We all saw the headlines in the lead up to the election: “Party X is up two percent!” Invariably, stashed away as an afterthought was “margin of error is 3.1 percent”.
What this means in the context of a two percent shift is that there is no statistically significant change. Problem is, margins of error don’t make for good headlines. Hardly clickbait: “No change in polls!”
At DOT, we love data of all shapes and sizes, and we’re troubled when the margin of error is treated like that sad, lonely uncle at a family gathering, just quietly ignored out the back. So why is it so important? It comes down to our attempts to understand uncertainty. Polls are a sample of behaviour. We get a much better indication from a census, much like a general election, where we ask everyone, but that is time-consuming and costly. As a consequence, we take samples. Even with best intentions, we are going to find natural variation from sample to sample. Instead, we use techniques that allow us to calculate what that natural variation is. This allows us to work out if there really is a change between polls.

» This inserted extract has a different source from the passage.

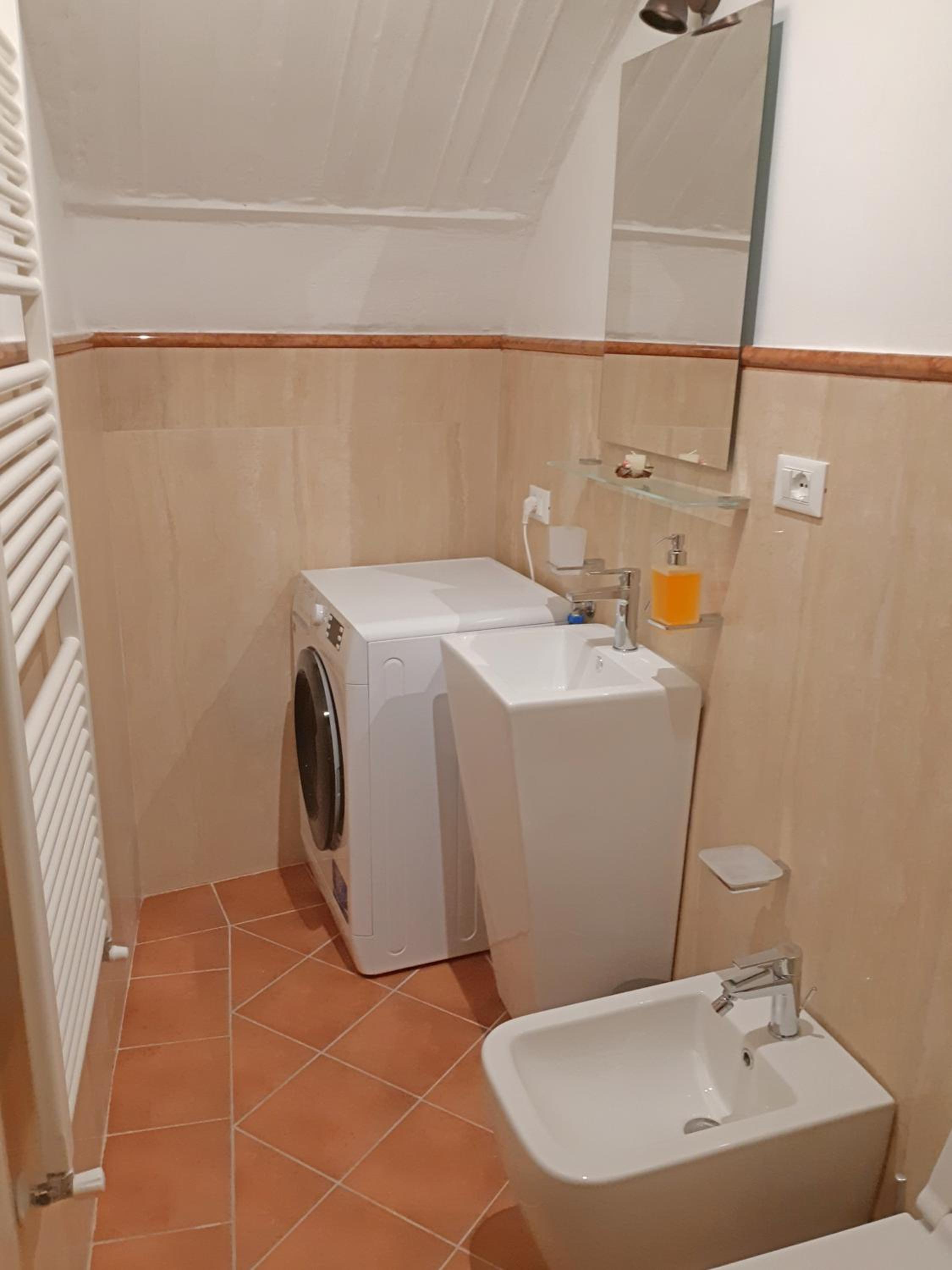 Two-Bedroom Apartment - Photo 8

This is where it gets exciting. To help us understand the variation, we try to explain as much about that variation with the data we have available. A statistical model tells us what we expect to happen, on average. The model also explains as much of the variation in the data as possible. Here, think of variation as plausible scenarios. Obviously what we expect to happen doesn’t always pan out – we can end up with unexpected scenarios.

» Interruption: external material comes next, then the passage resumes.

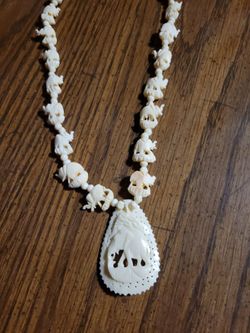 Vintage carve bone Nickless
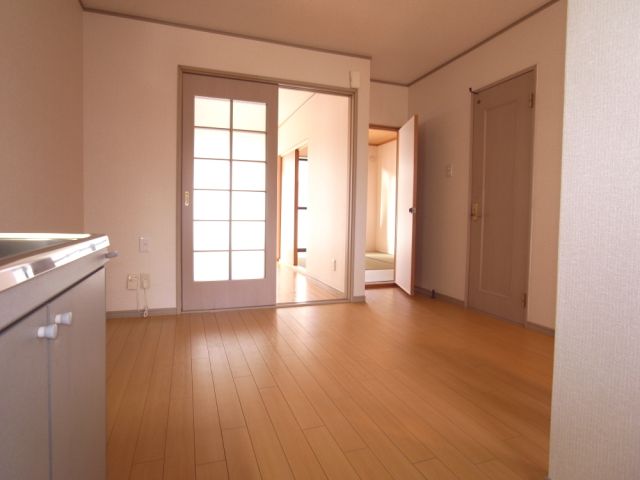 Living and room. Western-style room, It has led to a Japanese-style room both room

But, like a jigsaw, if you put enough of the pieces together you can see the picture. Or, more importantly, the departure from the picture. This is one area that people consuming statistical models often struggle with. It’s not just about celebrating when a model prediction gets it right, but also delving into the model to understand why the projection was wrong. This is equally valuable. More importantly, this step helps build understanding and trust about the data and modelling process.
The deviation from the average in our data allows us to paint a richer picture. Think of the streams of data we are all exposed to in our daily lives that we look to make decisions with. We are immersed in a world of uncertainty and risk:
• Who is going to win this weekend?
• How much will that house be worth next year?
• Which TV shall I buy?
• Which customers are going to be interested in my new business?
Dr Paul Bracewell.
What we love about stats is the problem solving that goes into trying to understand how different elements combine to explain what is likely to happen. For example: on average, what is an extra bedroom going to do for the valuation on that property? This richer perspective is derived from the modelling process. Data and analytical techniques are used to derive insight. But, insights are only part of the process.
In my last article, I spoke about action from insight. Part of the requirement for action is trusting the model predictions. But, when it comes to polls, quantitative evidence isn’t used to explain the drivers of the difference from poll to poll. Part of this process is also ensuring that samples are representative of the population of interest. The challenge in driving action from insights can fall down if there is no trust. And a key component for building trust involves communicating results and including a discussion about variation. Let’s drag the margin of error away from the corner.
1. It’s not about the average, it’s about understanding what drives the variation that is of real interest when we are looking to act on data driven insight. Use the margin of error to understand if there really is a difference.
2. Understanding variation is like putting together a jigsaw, except there are no edge pieces. You may need to keep trying different variables and in different order to find a combination that works for you. This process should align with what you are trying to achieve as a business.
3. Building trust in predictive models requires explanations of why the model was both right, and not so right. This comes from interpreting the underlying elements in the model.